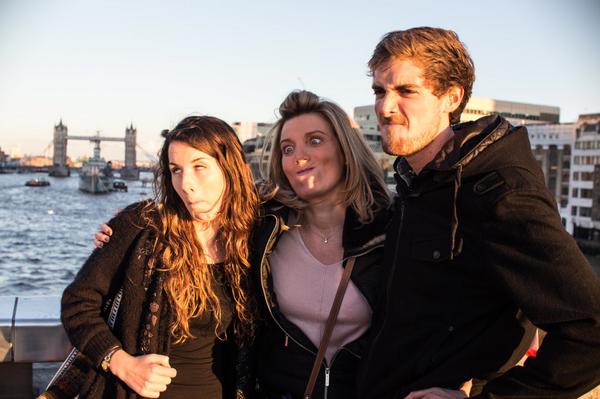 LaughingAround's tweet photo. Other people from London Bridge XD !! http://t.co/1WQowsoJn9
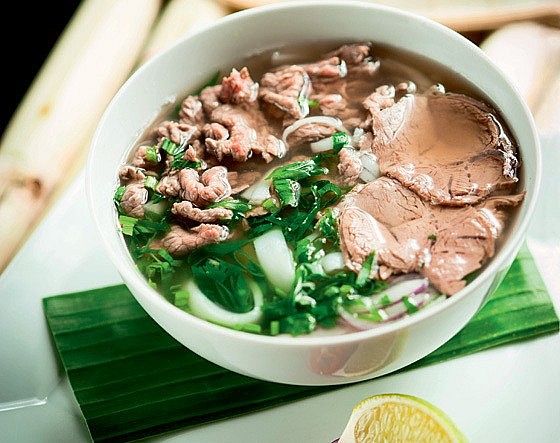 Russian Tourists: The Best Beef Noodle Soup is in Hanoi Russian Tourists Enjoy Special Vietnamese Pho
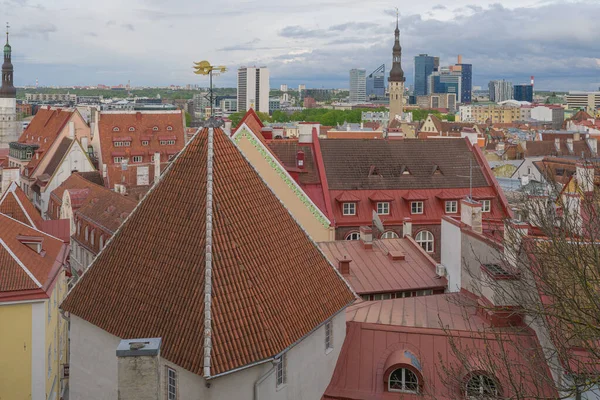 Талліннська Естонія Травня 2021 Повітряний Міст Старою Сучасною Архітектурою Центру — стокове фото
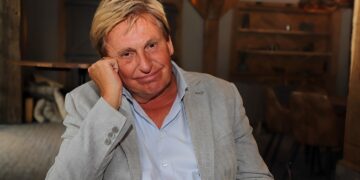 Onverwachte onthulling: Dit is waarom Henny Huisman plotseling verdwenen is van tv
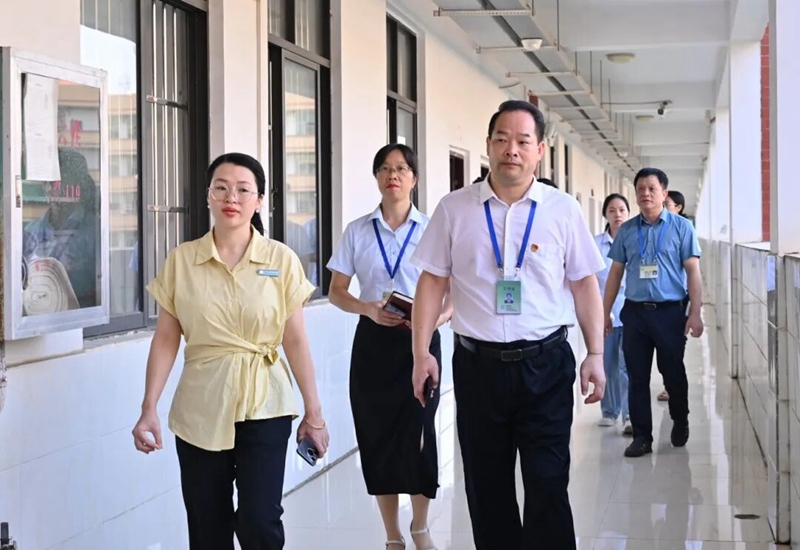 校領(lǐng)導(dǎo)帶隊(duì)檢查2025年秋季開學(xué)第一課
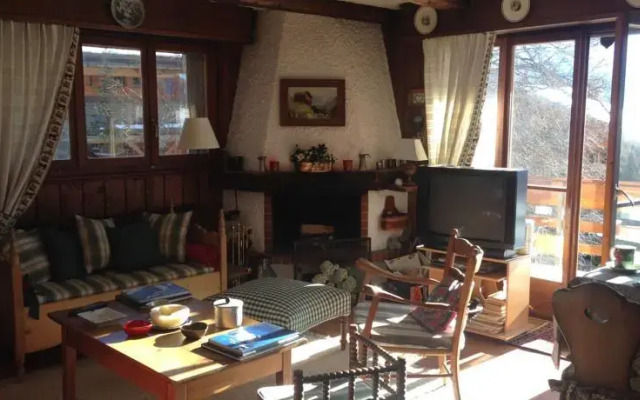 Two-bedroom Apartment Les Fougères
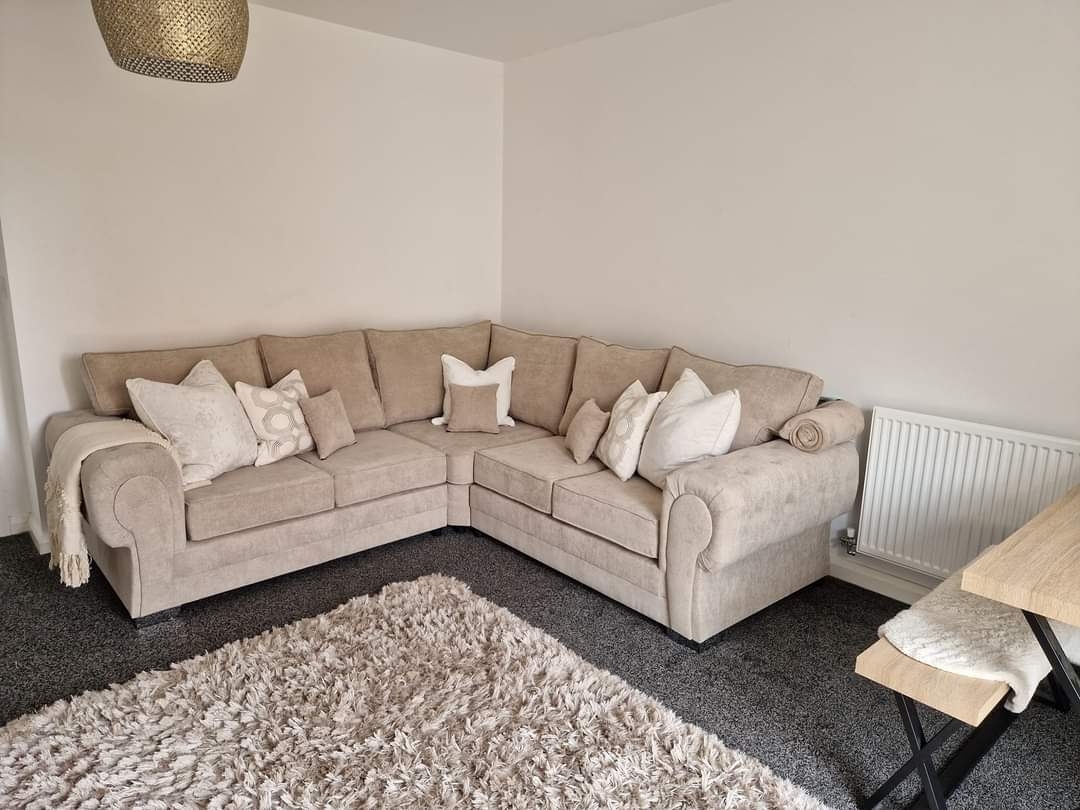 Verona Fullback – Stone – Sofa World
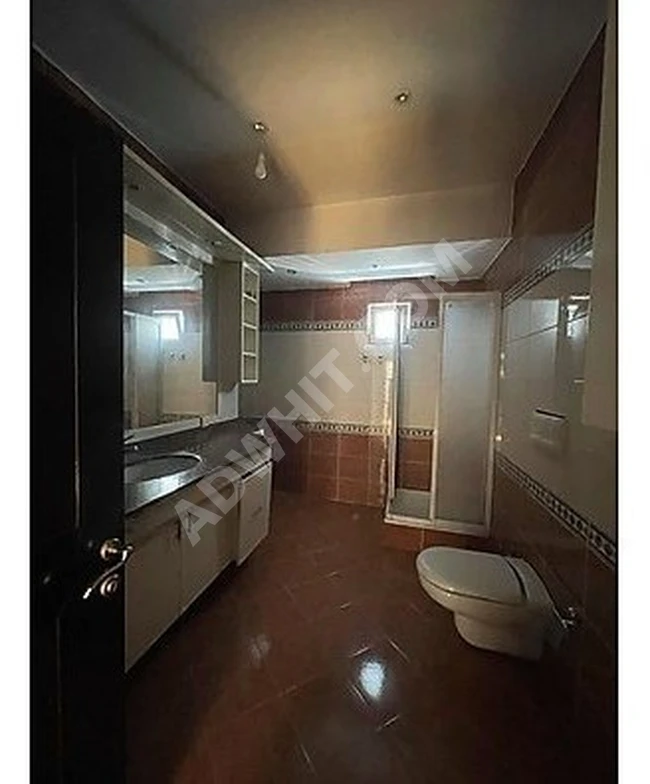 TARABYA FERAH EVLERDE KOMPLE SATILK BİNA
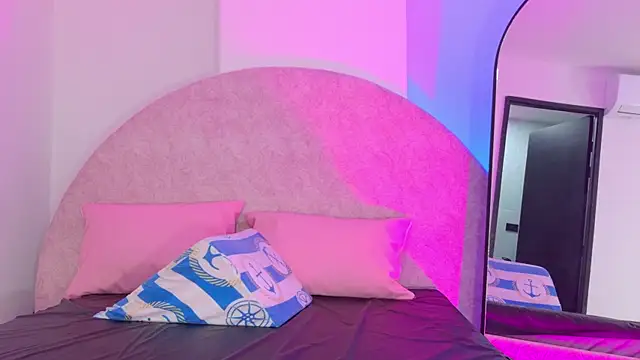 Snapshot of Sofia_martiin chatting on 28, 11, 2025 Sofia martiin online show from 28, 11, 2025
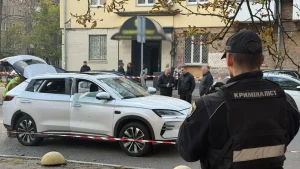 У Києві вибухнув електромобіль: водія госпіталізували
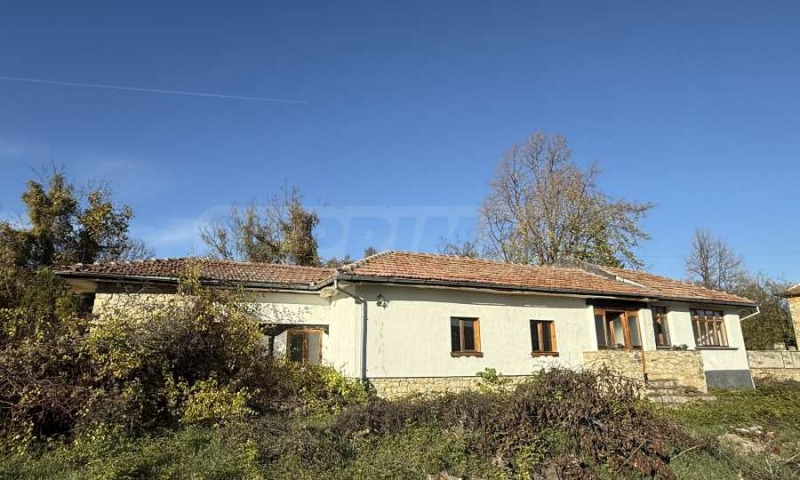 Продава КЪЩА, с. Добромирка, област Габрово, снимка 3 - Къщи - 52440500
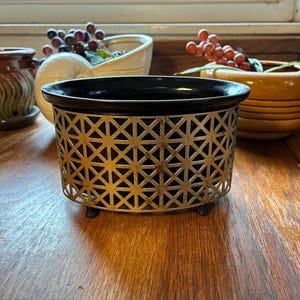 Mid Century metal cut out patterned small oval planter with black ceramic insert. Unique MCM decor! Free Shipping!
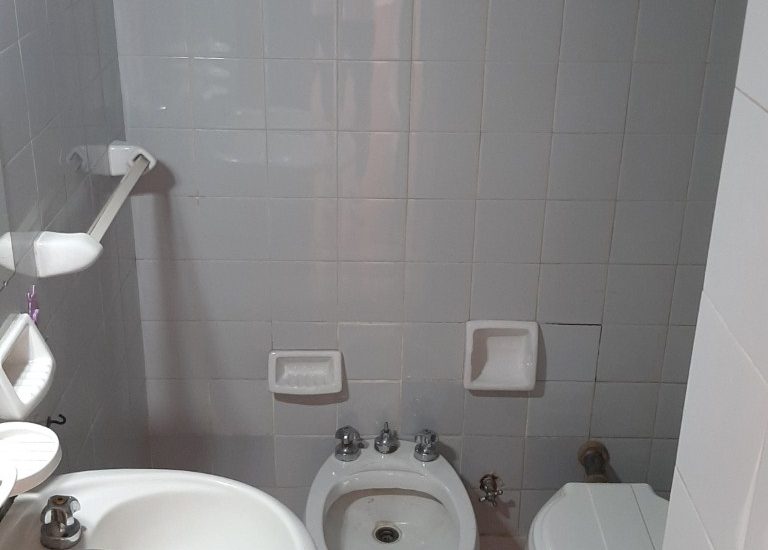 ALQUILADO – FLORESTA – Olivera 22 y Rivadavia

##############################

## What the task requires
Give back every entry verbatim. No pictures belong in the copy.

## Answer space
 LaughingAround's tweet photo. Other people from London Bridge XD !! http://t.co/1WQowsoJn9
 Russian Tourists: The Best Beef Noodle Soup is in Hanoi Russian Tourists Enjoy Special Vietnamese Pho
 Талліннська Естонія Травня 2021 Повітряний Міст Старою Сучасною Архітектурою Центру — стокове фото
 Onverwachte onthulling: Dit is waarom Henny Huisman plotseling verdwenen is van tv
 校領(lǐng)導(dǎo)帶隊(duì)檢查2025年秋季開學(xué)第一課
 Two-bedroom Apartment Les Fougères
 Verona Fullback – Stone – Sofa World
 TARABYA FERAH EVLERDE KOMPLE SATILK BİNA
 Snapshot of Sofia_martiin chatting on 28, 11, 2025 Sofia martiin online show from 28, 11, 2025
 У Києві вибухнув електромобіль: водія госпіталізували
 Продава КЪЩА, с. Добромирка, област Габрово, снимка 3 - Къщи - 52440500
 Mid Century metal cut out patterned small oval planter with black ceramic insert. Unique MCM decor! Free Shipping!
 ALQUILADO – FLORESTA – Olivera 22 y Rivadavia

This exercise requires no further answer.